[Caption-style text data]
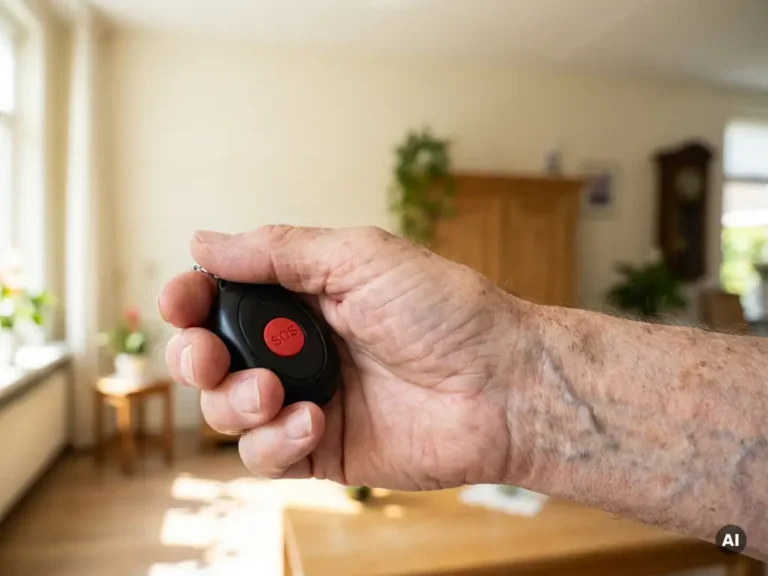 Bejaarde hand met leeftijdsvlekken houdt een zwart SOS-persoonlijk alarm vast, noodknop zichtbaar, Nederlandse woonkamer op de achtergrond.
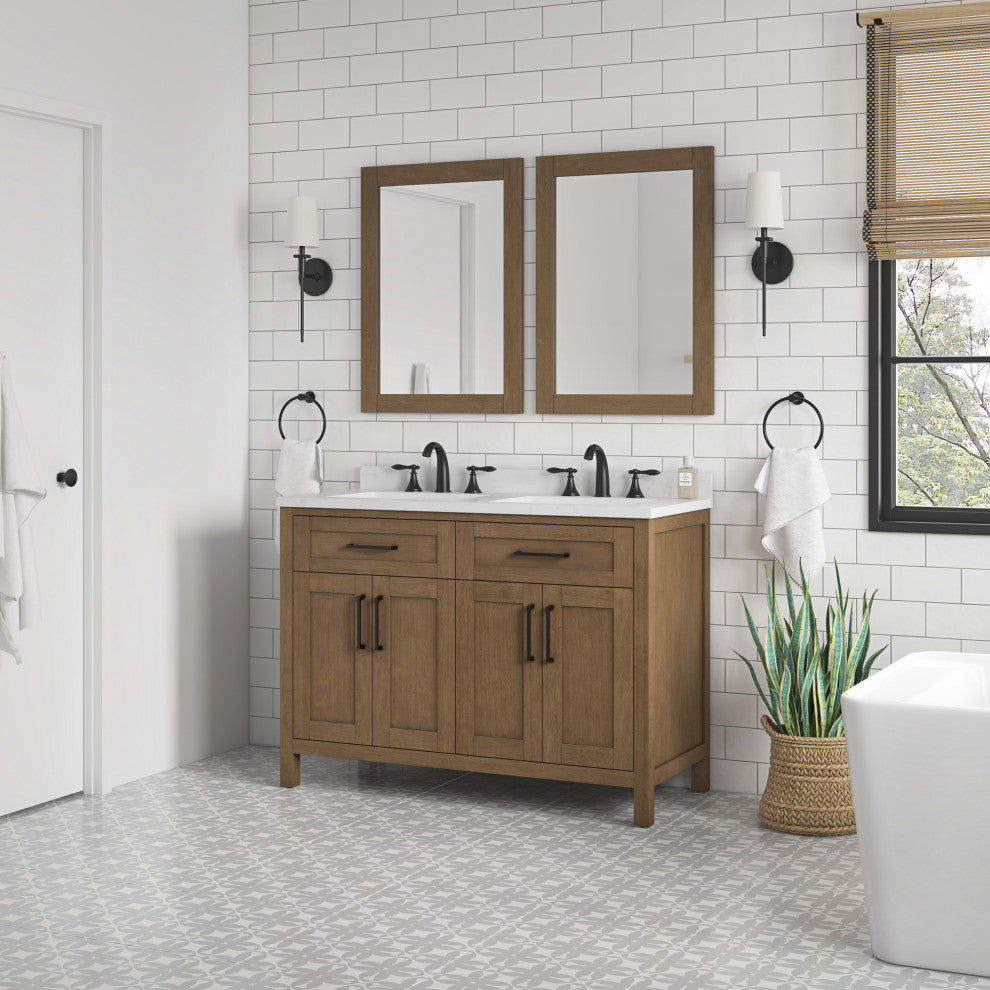 OVE Decors Tahoe 48" Double Sink Bathroom Vanity, Almond Latte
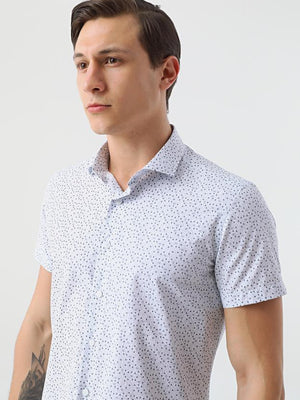 Twn Slim Fit White Printed Shirt-D'S DAMAT ONLINE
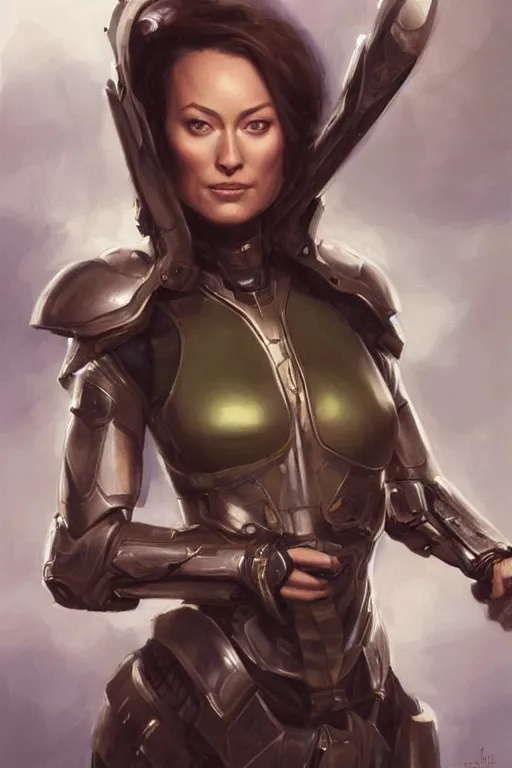 Image similar to a professional painting of a young Olivia Wilde, clothes in military armor, olive skin, long dark hair, beautiful bone structure, symmetrical facial features, intricate, elegant, digital painting, concept art, smooth, sharp focus, illustration, from StarCraft by Ruan Jia and Mandy Jurgens and Artgerm and William-Adolphe Bouguerea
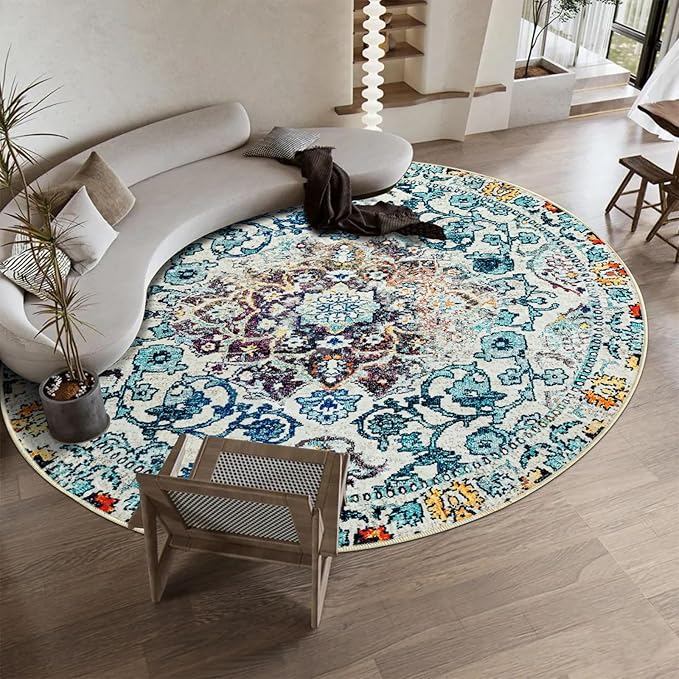 Easy-Going Round Area Rug 3ft Washable Boho Small Circle Rugs for Living Room Non-Slip Bedroom Rug Low Pile Lightweight Medallion Distressed Throw Rug for Dining Room Kitchen Office, Vintage Multi
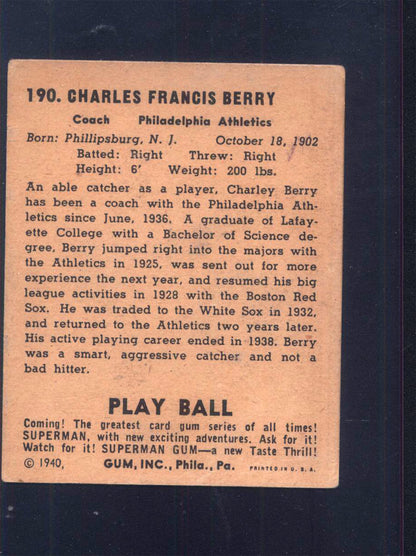 1940 Play Ball #190 Charley Berry Athletics (VG)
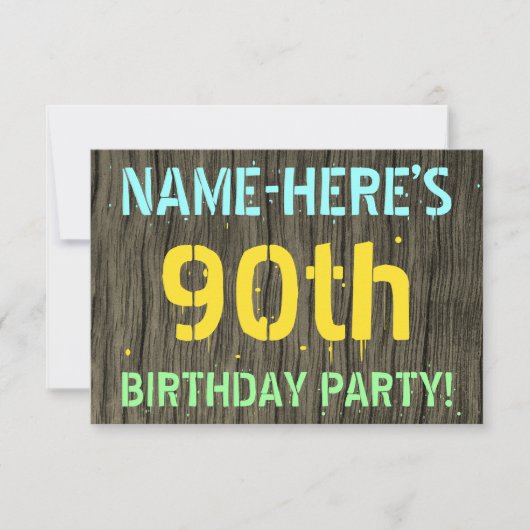 Invitation Faux Wood, Peint Texte Look, 90e anniversaire + No (Devant)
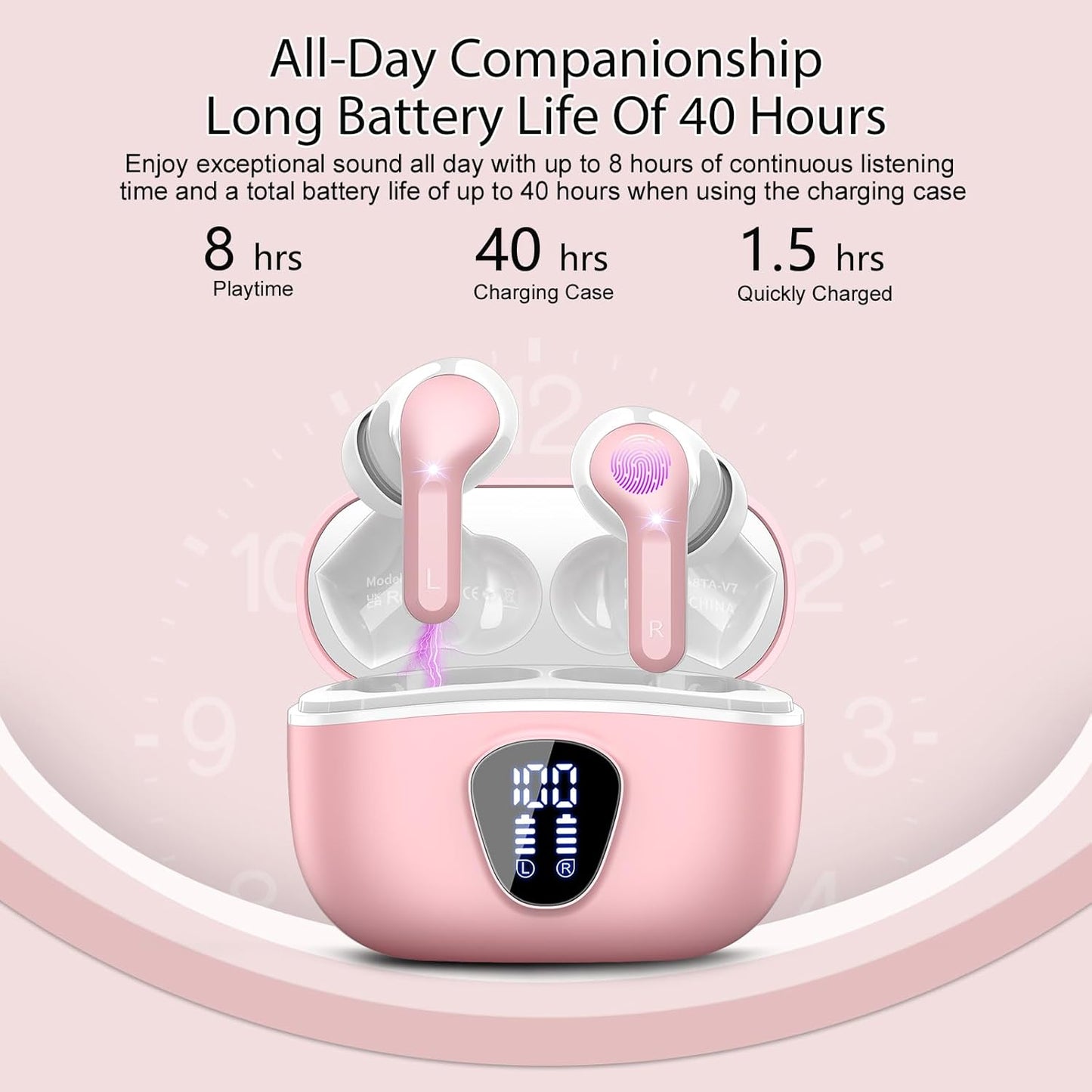 Wireless Earbuds, Bluetooth 5.4 Headphones HiFi Stereo, Bluetooth Earbuds with ENC Noise Cancelling Mic, IP7 Waterproof in Ear Earphones, 48H, LED Display Ear buds for Pad Phone Workout Sports, Pink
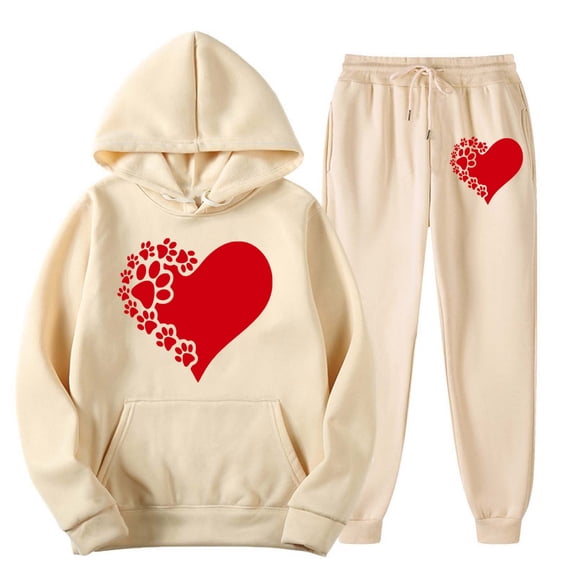 Hueook Valentines Day 2 Piece Set Women's Casual Solid Printing Long Sleeve Pockets Elastic Waist Bandage Pockets Long Pants Sets Khaki 3X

**Activity**
What is needed is an exact copy of each line from the top of the data above through the line containing "Twn Slim Fit", with no pictures.

**Solved problem**
 Bejaarde hand met leeftijdsvlekken houdt een zwart SOS-persoonlijk alarm vast, noodknop zichtbaar, Nederlandse woonkamer op de achtergrond.
 OVE Decors Tahoe 48" Double Sink Bathroom Vanity, Almond Latte
 Twn Slim Fit White Printed Shirt-D'S DAMAT ONLINE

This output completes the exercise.